Indonesia has signed an agreement to repatriate two British nationals, including a seriously ill grandmother who has spent more than a decade on death row for drug trafficking, officials said on Tuesday.
Lindsay Sandiford, now in her late 60s, was sentenced to death in 2013 after she was convicted of smuggling cocaine worth an estimated $2.14 million into Bali. Customs officers discovered the drugs concealed in a false bottom in her suitcase upon her arrival from Thailand in 2012.
Sandiford admitted to the offence but claimed she was coerced by a drug syndicate that had threatened to kill her son. She lost an appeal against her death sentence in 2013.

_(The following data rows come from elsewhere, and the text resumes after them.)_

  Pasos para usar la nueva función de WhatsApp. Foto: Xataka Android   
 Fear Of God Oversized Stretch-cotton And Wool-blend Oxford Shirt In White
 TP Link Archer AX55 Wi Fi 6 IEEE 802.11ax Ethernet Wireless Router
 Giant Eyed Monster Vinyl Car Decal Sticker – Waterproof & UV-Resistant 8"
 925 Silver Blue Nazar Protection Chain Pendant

Indonesia’s Minister of Law and Human Rights, Yusril Ihza Mahendra, said he had signed an agreement with British Foreign Minister Yvette Cooper for the transfer of Sandiford and another British inmate, 35-year-old Shahab Shahabadi, who is serving a life sentence for drug offences following his 2014 arrest.

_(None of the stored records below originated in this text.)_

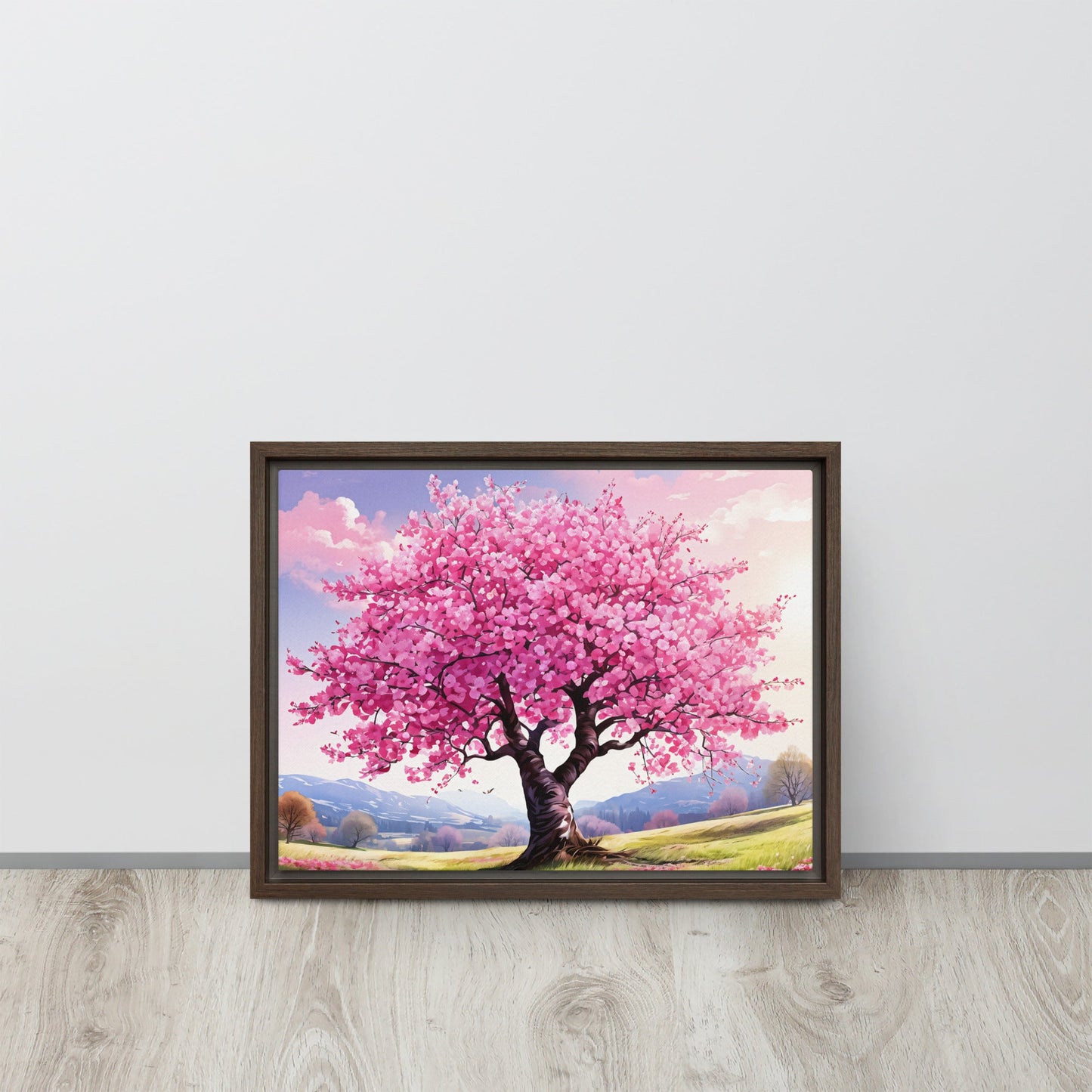 Cherry Blossom Framed Canvas - Canvas Prints - Discovery Co.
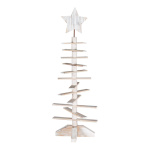 Arbre en bois  forme sapin avec 12 baleines+19cm...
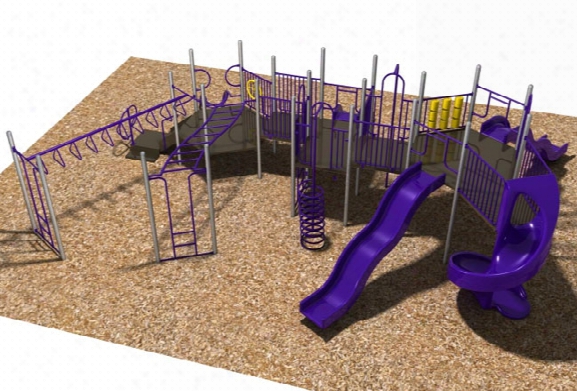 Katherine Series Commercial Playground - 3.5 Inch Posts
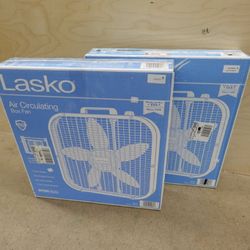 Lasko 20″ 3-Speed Box Fan with Weather-Resistant Motor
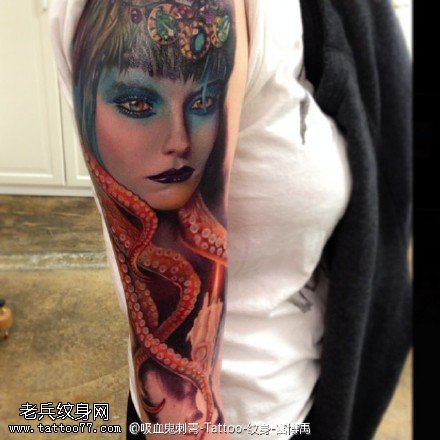妖艳性感美女纹身图案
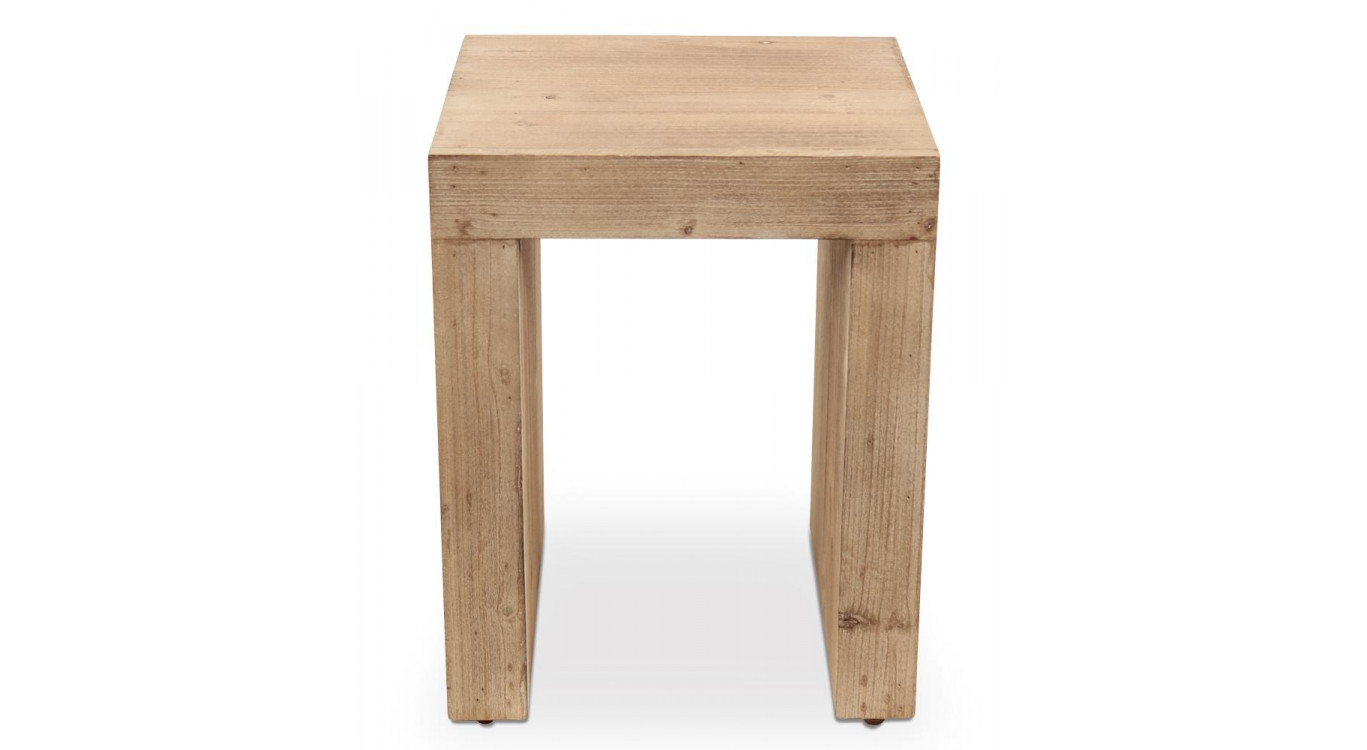 Tabouret Bois Naturel 35x35x44cm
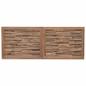 Preview: Bettkopfteil Natur Massivholz Teak
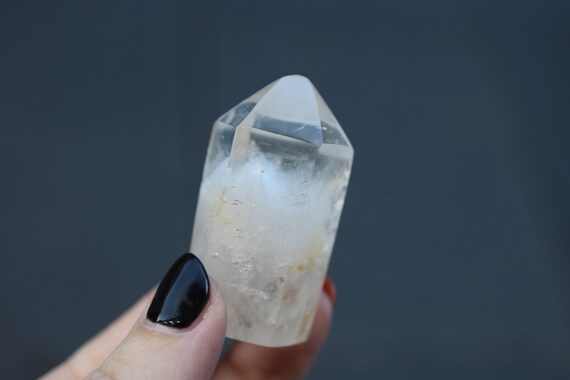 Clear Quartz Crystal with Inclusions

“We agreed to grant the transfers of the prisoners to the UK. The agreement has been signed,” Yusril told reporters in Jakarta. He added that both inmates would be handed over once technical arrangements were finalised, likely within two weeks.
The minister said both prisoners were in poor health. Sandiford, he noted, had been examined by both Indonesian and British doctors and was found to be “seriously ill,” while Shahabadi suffers from “various serious illnesses, including mental health issues.”
Sandiford, identified by Indonesian authorities as 68 but publicly listed as 69, remains in Bali’s overcrowded Kerobokan Prison pending her transfer.
Indonesia enforces some of the world’s toughest drug laws. As of early November, more than 90 foreigners were on death row in the country, all for drug-related crimes.
Sandiford’s case drew intense media attention in the United Kingdom after her 2013 conviction. In a 2015 column published in The Mail on Sunday, she wrote of her fear of execution and revealed she had begun writing farewell letters to her family.
“My execution is imminent, and I know I might die at any time now. I could be taken tomorrow from my cell.” she wrote while in prison.
Sandiford, originally from Redcar in northeast England, had befriended Andrew Chan, one of the Australian “Bali Nine” members executed by firing squad in 2015.
Indonesia has repatriated several high-profile foreign inmates since President Prabowo Subianto took office in October 2024. These include Filipina Mary Jane Veloso, who was freed in December after nearly 15 years on death row, and French national Serge Atlaoui, released in February after 18 years.
The country last carried out executions in 2016, when one Indonesian and three Nigerian drug convicts were put to death. However, the government has recently indicated that it may resume executions in the near future.